▶ _TASK TO COMPLETE_
The material below is to be copied exactly from the line with "Icono de una casa con un sol detrás." up to and including the line with "幽象 水墨画作品一幅（绢本立轴，画心约3.7平尺，钤印：幽象） HXTX170507", with nothing else kept and no pictures.

====== GIVEN RECORDS ======

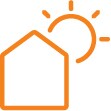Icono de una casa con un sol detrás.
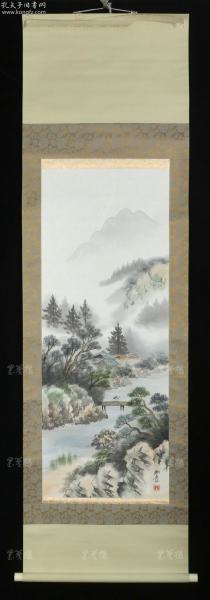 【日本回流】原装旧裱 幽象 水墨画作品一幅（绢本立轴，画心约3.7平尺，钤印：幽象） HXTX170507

======
====== GIVEN RECORDS ======

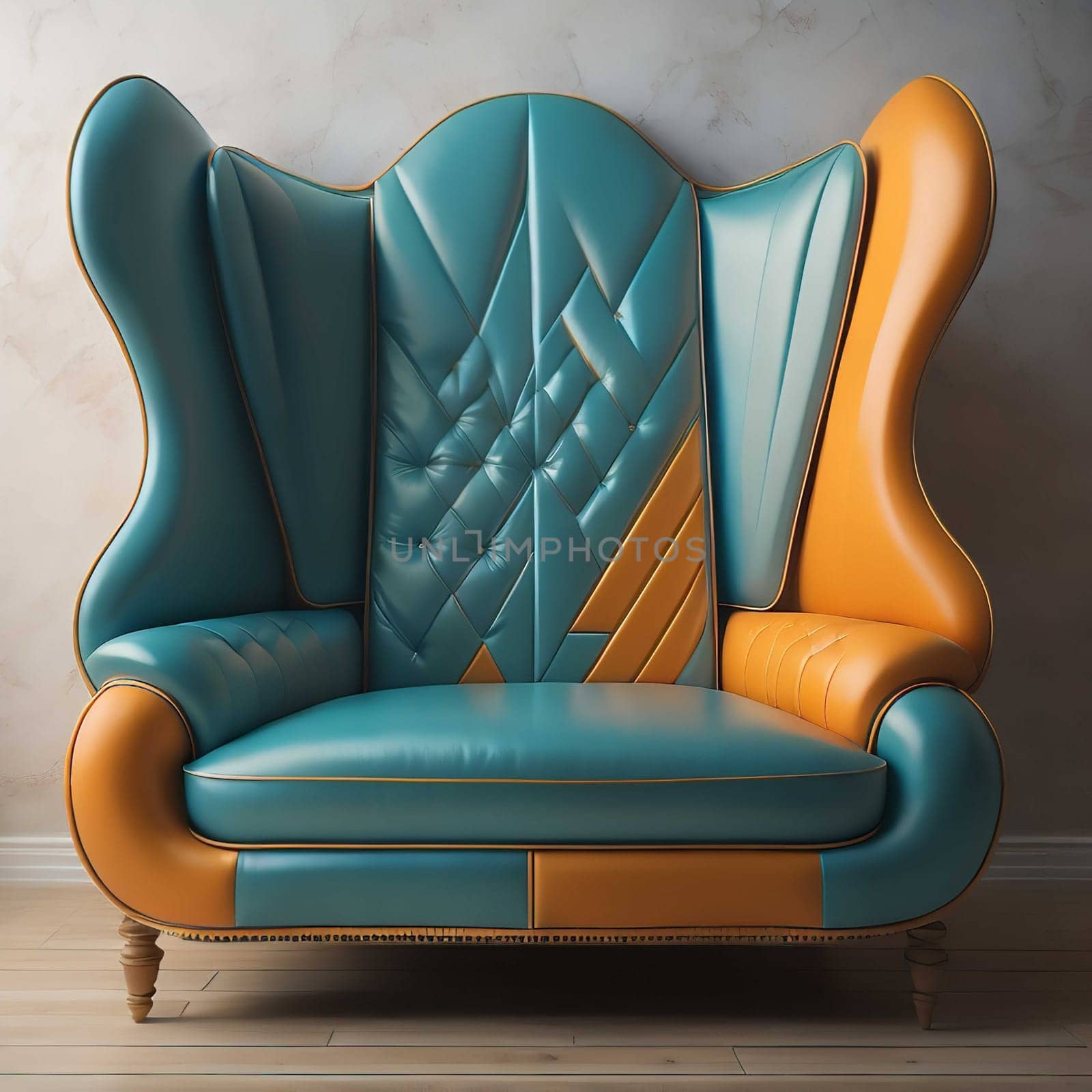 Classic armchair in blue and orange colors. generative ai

======
====== GIVEN RECORDS ======

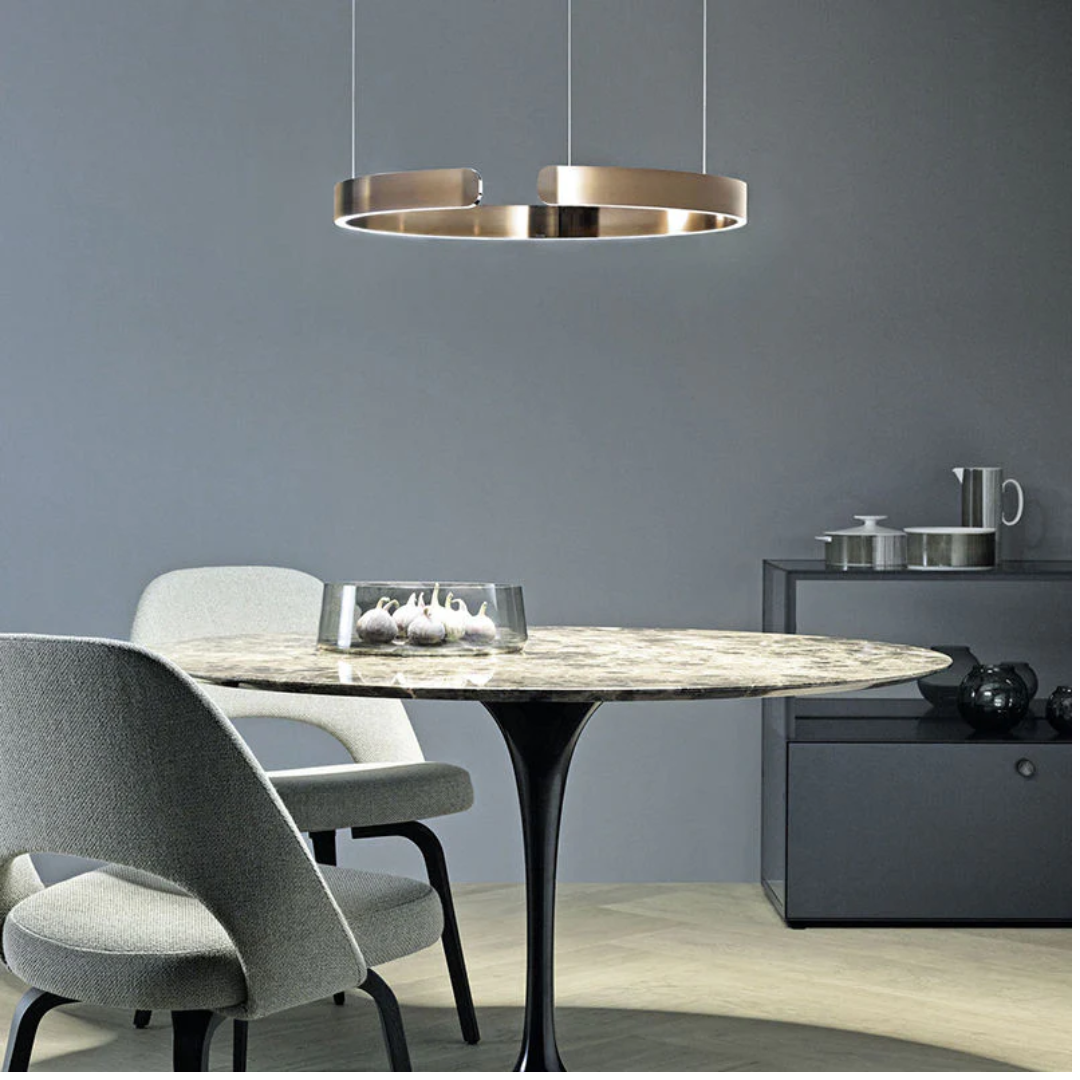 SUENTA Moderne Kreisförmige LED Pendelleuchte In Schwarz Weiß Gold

======

▶ _OUTPUT OF THE TASK_
Icono de una casa con un sol detrás.
 【日本回流】原装旧裱 幽象 水墨画作品一幅（绢本立轴，画心约3.7平尺，钤印：幽象） HXTX170507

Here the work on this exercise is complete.